8.5 Les agences

8.5.1 L’île des Médias

L’île des Médias est une société hybride dont les activités se sont étendues progressivement dans de domaines aussi divers que l’édition de sites d’information, de sites de commerce électronique, la publication de magazines papier, la création et l’entretien de sites institutionnels, la communication de crise, le marketing ou la syndication de contenu. Son parcours illustre la porosité des frontières entre ces activités sur l’internet, accentuée par la crise économique qui a frappé le secteur en 2001.

 

Création d’une « agence de presse internet »

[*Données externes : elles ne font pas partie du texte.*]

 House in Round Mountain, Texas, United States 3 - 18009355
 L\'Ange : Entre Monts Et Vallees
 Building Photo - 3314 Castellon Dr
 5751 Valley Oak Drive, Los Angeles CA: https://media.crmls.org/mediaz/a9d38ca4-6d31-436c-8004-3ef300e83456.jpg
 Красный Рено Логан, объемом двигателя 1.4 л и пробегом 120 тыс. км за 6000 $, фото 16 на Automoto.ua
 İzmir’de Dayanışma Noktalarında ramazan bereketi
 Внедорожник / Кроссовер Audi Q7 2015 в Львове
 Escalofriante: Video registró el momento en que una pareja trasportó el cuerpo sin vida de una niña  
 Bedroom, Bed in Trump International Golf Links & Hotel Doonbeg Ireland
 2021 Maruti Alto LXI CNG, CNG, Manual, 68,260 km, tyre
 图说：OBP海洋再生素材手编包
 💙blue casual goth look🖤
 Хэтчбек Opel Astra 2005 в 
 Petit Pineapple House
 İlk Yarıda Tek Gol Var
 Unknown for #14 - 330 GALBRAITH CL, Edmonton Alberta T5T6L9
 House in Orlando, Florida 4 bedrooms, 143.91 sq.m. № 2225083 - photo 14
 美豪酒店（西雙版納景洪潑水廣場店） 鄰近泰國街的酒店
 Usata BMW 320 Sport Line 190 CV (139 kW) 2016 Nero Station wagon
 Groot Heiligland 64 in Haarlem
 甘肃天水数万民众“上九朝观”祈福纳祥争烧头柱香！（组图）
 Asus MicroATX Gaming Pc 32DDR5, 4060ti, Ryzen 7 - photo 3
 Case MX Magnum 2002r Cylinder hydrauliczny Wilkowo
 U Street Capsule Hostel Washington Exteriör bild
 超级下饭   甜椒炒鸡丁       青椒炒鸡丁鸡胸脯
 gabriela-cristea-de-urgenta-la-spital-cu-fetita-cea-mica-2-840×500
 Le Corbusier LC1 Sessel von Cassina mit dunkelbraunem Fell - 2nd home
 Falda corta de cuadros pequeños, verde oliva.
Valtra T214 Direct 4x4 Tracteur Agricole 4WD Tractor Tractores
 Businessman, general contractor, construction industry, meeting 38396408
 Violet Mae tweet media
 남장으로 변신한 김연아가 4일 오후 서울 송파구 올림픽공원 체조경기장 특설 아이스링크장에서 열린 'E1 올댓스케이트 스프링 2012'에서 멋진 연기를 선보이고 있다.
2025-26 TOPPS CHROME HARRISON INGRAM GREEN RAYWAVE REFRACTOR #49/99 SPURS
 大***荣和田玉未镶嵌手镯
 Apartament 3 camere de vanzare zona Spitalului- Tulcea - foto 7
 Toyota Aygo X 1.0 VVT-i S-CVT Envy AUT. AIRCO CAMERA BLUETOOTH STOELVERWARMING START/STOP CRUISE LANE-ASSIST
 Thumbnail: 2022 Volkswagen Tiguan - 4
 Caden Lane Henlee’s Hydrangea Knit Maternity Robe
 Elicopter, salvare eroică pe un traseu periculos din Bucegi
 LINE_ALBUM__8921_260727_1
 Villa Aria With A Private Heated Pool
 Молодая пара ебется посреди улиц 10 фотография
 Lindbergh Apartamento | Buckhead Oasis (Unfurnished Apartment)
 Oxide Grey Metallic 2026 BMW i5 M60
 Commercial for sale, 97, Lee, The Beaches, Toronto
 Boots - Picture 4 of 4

L’île des Médias a été créée 1996 par le journaliste Renaud de La Baume et Jérôme Hérard, bénéficiant d’un financement de la part de Bruno Bonnell, PDG de la société éditrice de jeux vidéo Infogrames. Renaud de La Baume avait travaillé auparavant pour Libération, La Tribune et L’Express, essentiellement dans des thématiques économiques. En 1995, à l’occasion de la rédaction d’un livre sur l’avènement du multimédia, il découvre l’internet. Il décide alors de créer une agence de presse spécifiquement conçue pour fournir du contenu aux futurs journaux en ligne, qui n’existent pas encore. Cette anticipation sur l’émergence d’un marché nouveau et la tentative de se positionner avant les autres dans un créneau innovant rapproche L’île des Médias aux autres start-ups du secteur de l’internet qui ont vu le jour à la fin des années 90 en France.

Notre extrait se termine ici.